The resentment of Grant, therefore, can be explained by the fact that his elevation to a top job appears to have been achieved by nepotistic means. We do not like it, in the same way that managers' sons are always given the hardest time by supporters: think of Frank Lampard at West Ham United when his father, Frank Sr, was assistant to Harry Redknapp, or Niko Kranjcar's long battle for acceptance in the Croatia team during his father Zlatko's time as manager.
We expect businesses to be inherited and we are all aware of the adage that it isn't what you know but who you know that gets you on in life, but we wish sport to be different. When Peter Kenyon, the Chelsea chief executive, first went in search of a manager in 2004 the instruction was to get the best; by 2007 this message had been abandoned in favour of phoning a friend.
There was no quest for excellence. Mourinho left on Wednesday and by Friday there was a man in his seat who had qualified on the back of two good seasons at Maccabi Haifa, one at Maccabi Tel-Aviv and his rapport with the guy who pays the bills. It did not seem right. Despite Grant's progress, it still doesn't.
The other break that Grant has caught is his depiction as the underdog.

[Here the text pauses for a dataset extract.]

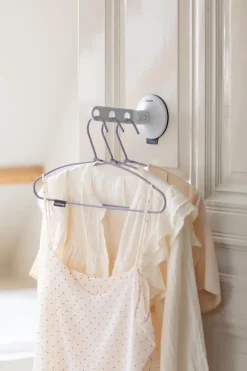 Brabantia Clothes Racks, Coat Stands & Hangers|Clothes Hooks & Hangers*hanger with suction cup, Light Grey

A genuine man in a vindictive world, blamed for his failings but rarely credited for his achievements. Even with a team worth £300 million, people feel a little sorry for him and it is true that he seems a decent sort. When John Arne Riise put through his own net last week Grant did not attempt to shake his hand, as he did Riise's team-mates as they left the field. He did not wish to appear to be mocking the player by thanking him. It was a thoughtful gesture, largely unnoticed.
Yet ultimately, unable to call his talents for certain, Grant will end up being judged on results alone and the next four matches (or three if it goes wrong this evening) will decide it. Right now he could be anything. He could be an impostor or a pretender; he could be the champion of England or Europe. Indeed, the way his luck has held this season, he could quite probably still be Nancy.